Но из-за угла, жужжа, выкатилось инвалидное кресло, в котором восседала сердитая старая дама, тоже вся синяя.
– Вздор, вздор, дайте это мне! – воскликнула она. – Меня гоняли кругами по саду, я страшно замёрзла, и мне нужно согреться.
– Ой, миссис Чампинг! – закричали дети. – Мы не поняли, что медсестра имеет в виду кислородную подушку, – мы только хотели помочь!
Но миссис Чампинг лишь зарычала на них почти так же свирепо, как дикие животные из клеток. Дети не могли больше оставаться в больнице и убежали.
Вереница кебов неторопливо двигалась по дороге.
– Спасите! Помогите! – закричали дети, и кебы остановились, впустив их внутрь. Но оказалось, что кто-то снял внутри пол, и детям снова пришлось бежать, а извозчики погоняли своих лошадей, и дети еле успевали перебирать ногами, но лошади, видимо, помнили их доброту и отказывались скакать быстрее.

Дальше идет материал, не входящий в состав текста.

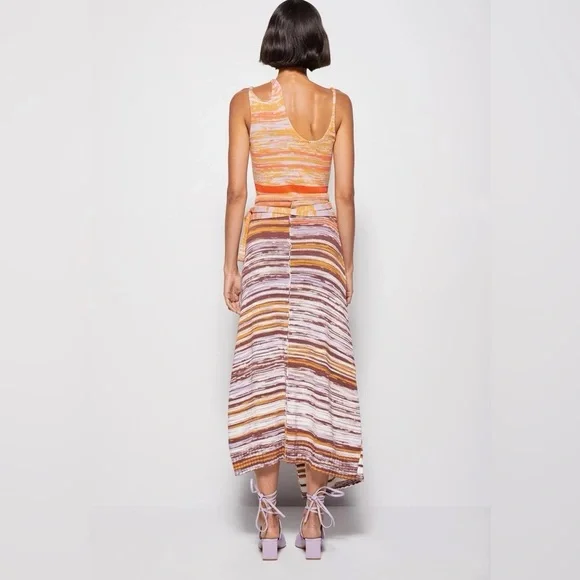 Jonathan Simkhai Space Dye Matching Set (Knit Tank Wrap Raelle Skirt) - Picture 2 of 11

Так что дети выбрались из кебов, но тут их нагнала целая эскадра кресел-каталок, в которых восседали разгневанные престарелые дамы и джентльмены, что-то бормочущие об омолаживающем эффекте взбитого яичного белка…

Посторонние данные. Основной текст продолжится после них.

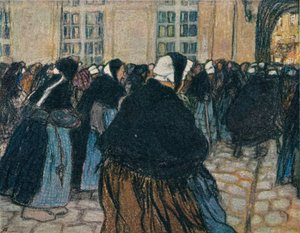 The Return to the Hospice of La Salpêtrière by Georges Dupuis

Длинный день угасал – долгий-предолгий, утомительный день. Дети бежали со вчерашнего вечера, когда звёзды засверкали на тёмно-синем бархате вечернего неба. Приближалось время пить чай, но никакого чая не было. Дети подумали, что на дамских шляпах, которые они сорвали по дороге, могли остаться крошки бисквитов, но чайки подумали об этом раньше, и никаких бисквитов детям не досталось. А потом…
А потом…
Они взобрались на холм, их бедные усталые ноги еле передвигались, словно поршни маленьких паровозиков, животы болели, горло пересохло от жажды… А за холмом открывался престранный вид: там был заснеженный луг и над ним шёл снег. Снег падал только на этот луг, круглый и белый, как скатерть. На этой скатерти были расставлены всякие вкусности: сэндвичи с ветчиной и клубничным джемом и всевозможные пирожные. Посередине стоял большой коричневый чайник, а рядом – молочники и доверху полные сахарницы. А вокруг скатерти сидели – в тёплых фланелевых нижних юбках и высоких ботинках на пуговицах – двоюродная бабушка Аделаида Болль, и миссис Гроббль, и миссис Гуттциц, и миссис Рамбльтум, и прочие дамы, в шляпках друг друга.

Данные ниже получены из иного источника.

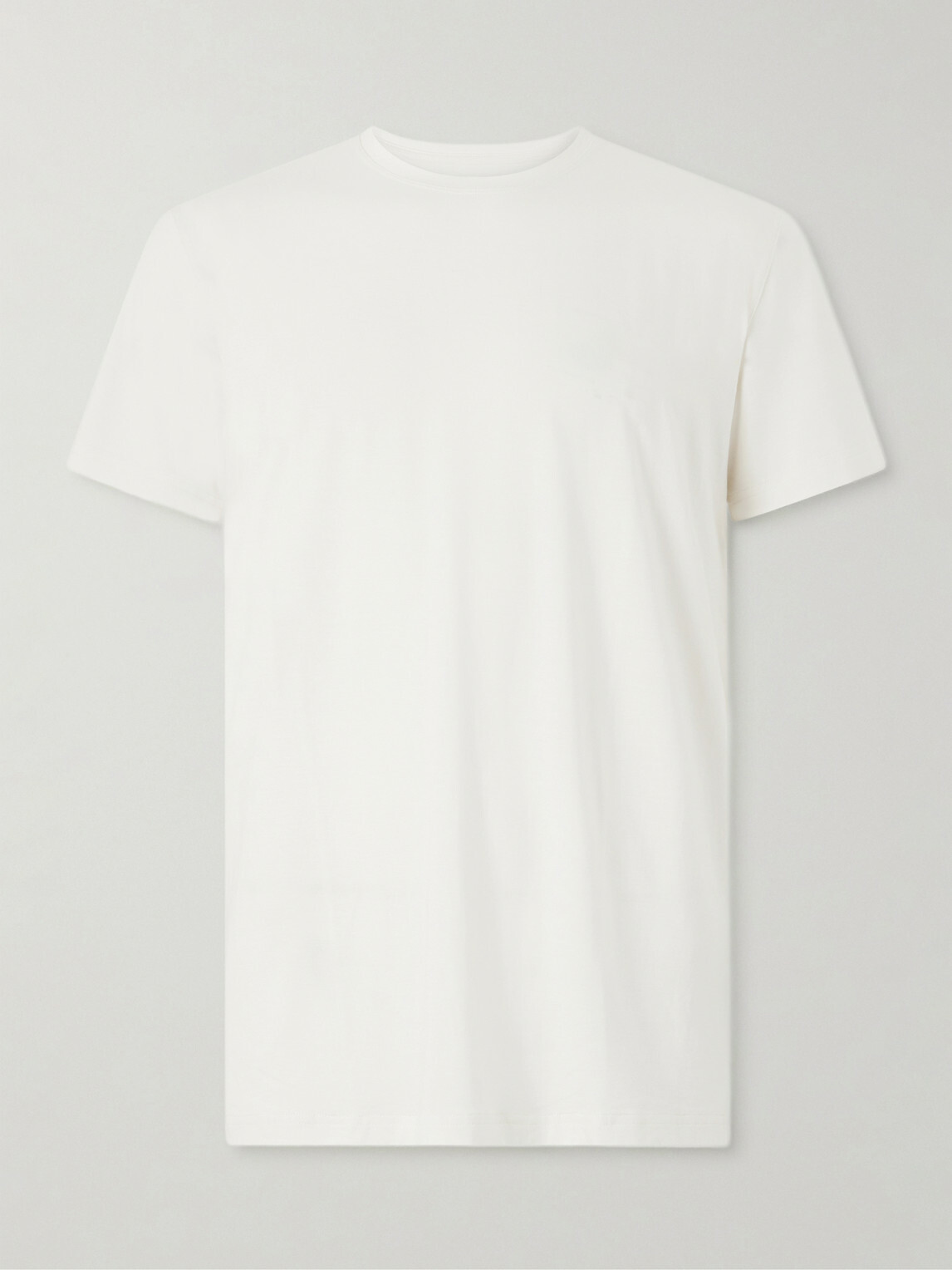 Derek Rose - Basel Stretch-Jersey T-Shirt - Neutrals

– Ой, бабушка Аделаида! – закричали дети. – Ой, миссис Гроббль, и миссис Гуттциц, и миссис Рамбльтум! Нам так жарко, мы так устали и хотим пить и есть! Пожалуйста, дайте нам поесть! – Но дамы неподвижно сидели в своих шезлонгах.
– Мы не можем, – ответили они.
– Не можете? – удивились дети, теперь бегая вокруг дам и скатерти для пикника, как краснокожие индейцы в воинственном танце. – Почему не можете?
– Мы застряли, – пожаловались дамы. – Холст порвался, и мы теперь не можем пошевелиться.
И дети увидели, что дамы действительно довольно крепко застряли в шезлонгах, причём в весьма странных позах.
Какое-то смутное воспоминание начало всплывать у детей. Разве давным-давно, когда мир ещё не был местом, где можно только бесконечно бежать, они сами не сидели вот так? Застряв в этих самых шезлонгах и глядя на лунную ночь, слушая колыбельный шелест моря и мечтая заснуть, но не в силах даже задремать… А потом они наконец заснули. Но о чём же они говорили перед тем, как заснуть?..
И дети вдруг перестали бежать и прекратили кружить вокруг пикника, накрытого на заснеженном лугу, и сказали друг другу, бледнея:
– Дитя! Всё это время его не было с нами. Где же Дитя?
И чей-то дрожащий голос спросил:
– Да что с ним случилось?
И другой срывающийся голос произнёс:
– Всё это время мы думали о своих усталых ногах и голодных животах и совсем забыли про Дитя…
И кто-то заплакал:
– Мы вели себя так эгоистично: думали только о себе и даже не вспомнили про наше бедное Дитя…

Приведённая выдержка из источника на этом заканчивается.